▶ **Stored items**:
□ □ □ □ □
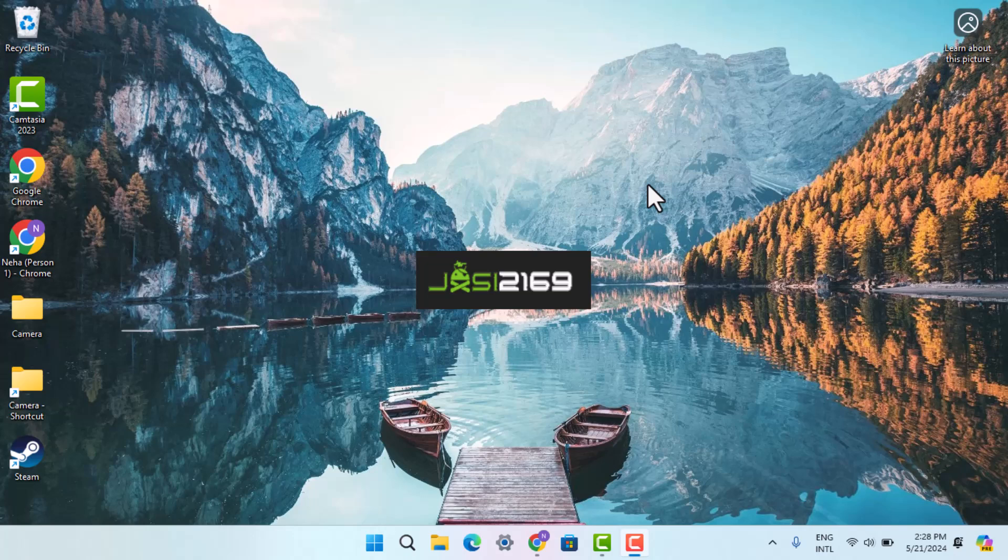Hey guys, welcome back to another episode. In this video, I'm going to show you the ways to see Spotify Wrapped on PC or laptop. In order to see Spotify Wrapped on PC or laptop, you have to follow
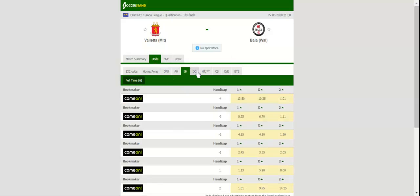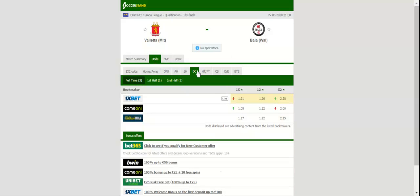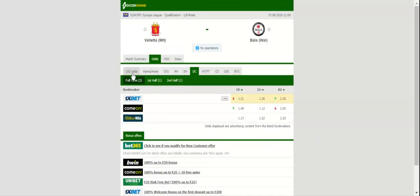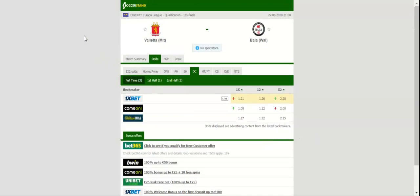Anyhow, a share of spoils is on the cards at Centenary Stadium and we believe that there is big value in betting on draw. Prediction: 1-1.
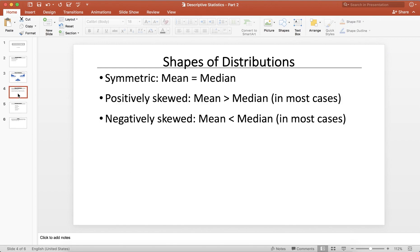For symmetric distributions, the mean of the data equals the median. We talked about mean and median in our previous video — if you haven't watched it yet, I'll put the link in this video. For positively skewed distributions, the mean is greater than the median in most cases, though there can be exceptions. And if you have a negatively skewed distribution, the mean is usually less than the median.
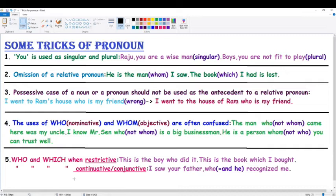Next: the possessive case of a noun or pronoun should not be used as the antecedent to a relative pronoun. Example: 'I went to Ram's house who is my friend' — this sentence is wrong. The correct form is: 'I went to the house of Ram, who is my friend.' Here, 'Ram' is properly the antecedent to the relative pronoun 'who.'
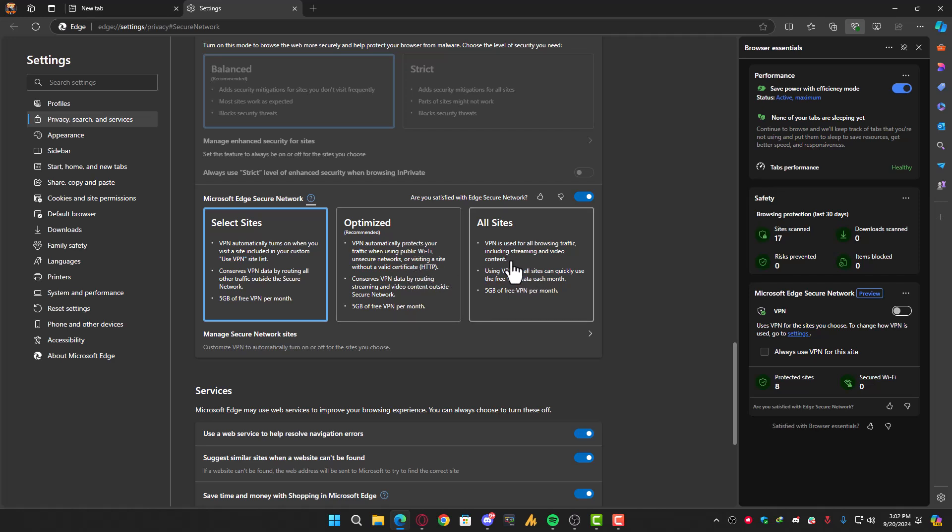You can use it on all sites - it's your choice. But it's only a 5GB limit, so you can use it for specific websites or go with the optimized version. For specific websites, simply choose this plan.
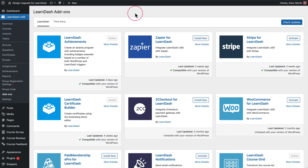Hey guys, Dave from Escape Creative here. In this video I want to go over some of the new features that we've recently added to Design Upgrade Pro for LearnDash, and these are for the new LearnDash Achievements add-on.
□ □ □ □ □
▶ **WORK TO BE COMPLETED**:
Wherever a picture appears, omit it; copy the rest of the data exactly.

▶ **EXERCISE RESULT**:
Hey guys, welcome back to another episode. In this video, I'm going to show you the ways to see Spotify Wrapped on PC or laptop. In order to see Spotify Wrapped on PC or laptop, you have to follow
Anyhow, a share of spoils is on the cards at Centenary Stadium and we believe that there is big value in betting on draw. Prediction: 1-1.
For symmetric distributions, the mean of the data equals the median. We talked about mean and median in our previous video — if you haven't watched it yet, I'll put the link in this video. For positively skewed distributions, the mean is greater than the median in most cases, though there can be exceptions. And if you have a negatively skewed distribution, the mean is usually less than the median.
Next: the possessive case of a noun or pronoun should not be used as the antecedent to a relative pronoun. Example: 'I went to Ram's house who is my friend' — this sentence is wrong. The correct form is: 'I went to the house of Ram, who is my friend.' Here, 'Ram' is properly the antecedent to the relative pronoun 'who.'
You can use it on all sites - it's your choice. But it's only a 5GB limit, so you can use it for specific websites or go with the optimized version. For specific websites, simply choose this plan.
Hey guys, Dave from Escape Creative here. In this video I want to go over some of the new features that we've recently added to Design Upgrade Pro for LearnDash, and these are for the new LearnDash Achievements add-on.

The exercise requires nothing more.